Il generoso Teseo, quando seppe la triste storia del tributo dei quattordici giovani, si offrì di unirsi a loro per porre fine a tutto e uccidere il Minotauro. I cittadini di Creta furono felici e ammirarono il gesto del giovane, al contrario, Egeo ne era preoccupato perchè, per quanto fosse coraggioso e valoroso suo figlio, era più probabile che il Minotauro avesse divorato Teseo che lui fosse riuscito ad ucciderlo. Egeo pregò il figlio di una cosa: la nave che portava i quattordici ostaggi da Creta ad Atene, di solito innalzava una bandiera nera, in segno di lutto; se Teseo fosse riuscito nel suo intento, il re lo pregò di sostiruire la bandiera nera con una bianca, in segno di vittoria.

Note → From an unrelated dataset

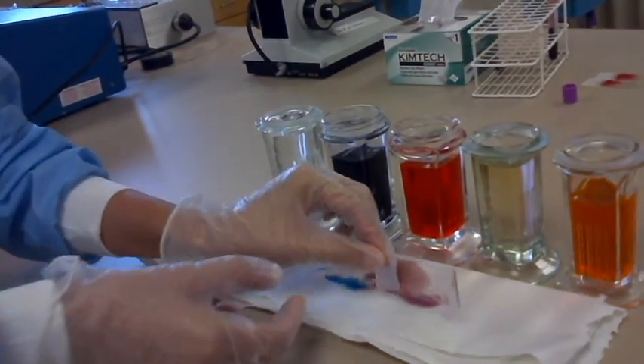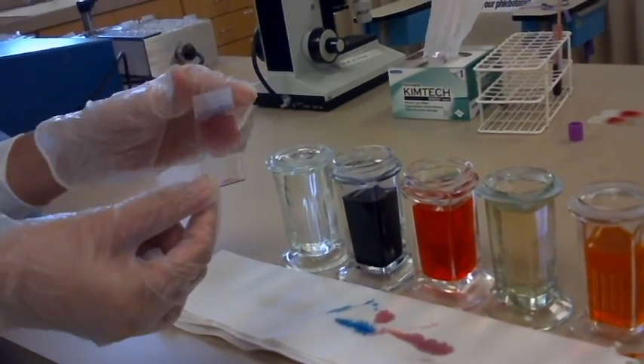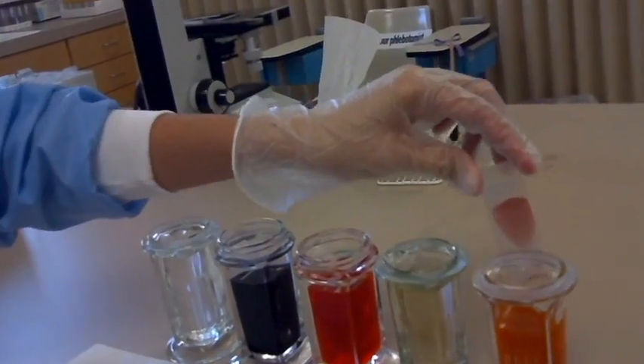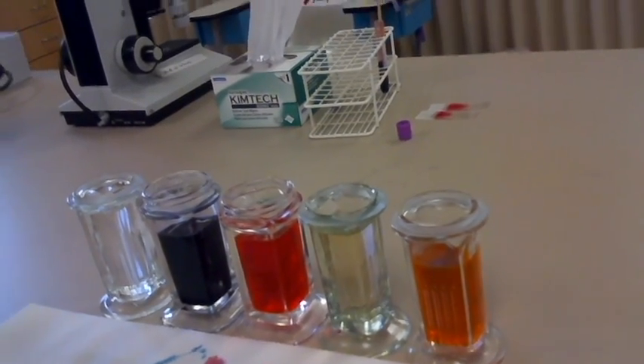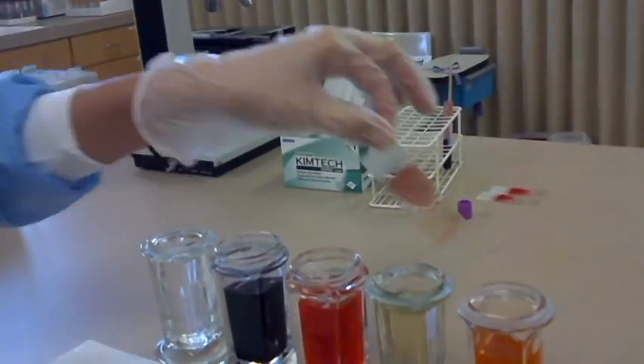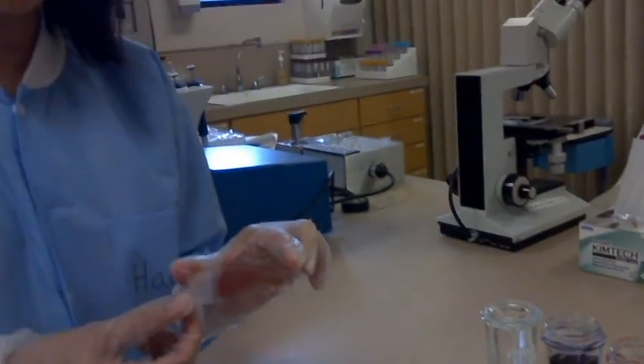Then I tap on both sides again. After that, I put my smear in buffer for 1 minute. Buffer is really important because it helps the cellular structures take up the dye. After 1 minute, I take out my smear and tap on both sides again. Now you will use the microscope to look at your smear and differentiate the 5 types of white blood cells. Thank you.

Quando la nave arrivò ad Atene, tra i curiosi sulla spiaggia, per vedere le giovani vittime si trovava anche Arianna, figlia del re Minosse. La giovane alla vista di Teseo subito se ne innamorò e quando seppe che era venuto ad Atene per uccidere il Minotauro, provò pietà sapendo che era votato a una morte sicura. Gli si avvicinò e gli chiese se in qualche modo poteva aiutarlo. Teseo rimase affascinato dalla bellezza di Arianna e gli piacque la sua offerta, tanto da prometterle che se l'avesse fatto uscire vivo da quell'impresa, l'avrebbe felicemente sposata.

La giovane fanciulle per aiutare Teseo nell'impresa, si rivolse al costruttore del Labirinto: Dedalo. Il grande architetto, decise di aiutare la bella Arianna insegnandole come l'eroe doveva comportarsi per colpire il Minotauro al momento giusto e come poi uscire dal palazzo senza perdersi. A tale scopo consegnò ad Arianna un gomitolo di filo spiegandole che bastasse che Teseo fissasse un capo del gomitolo in un punto qualunque dell'ingresso, svolgendone poi il filo a mano a mano che avanzava, fino al momento dell'incontro col Minotauro; per tornare indietro non doveva far altro che raggomitolare il filo...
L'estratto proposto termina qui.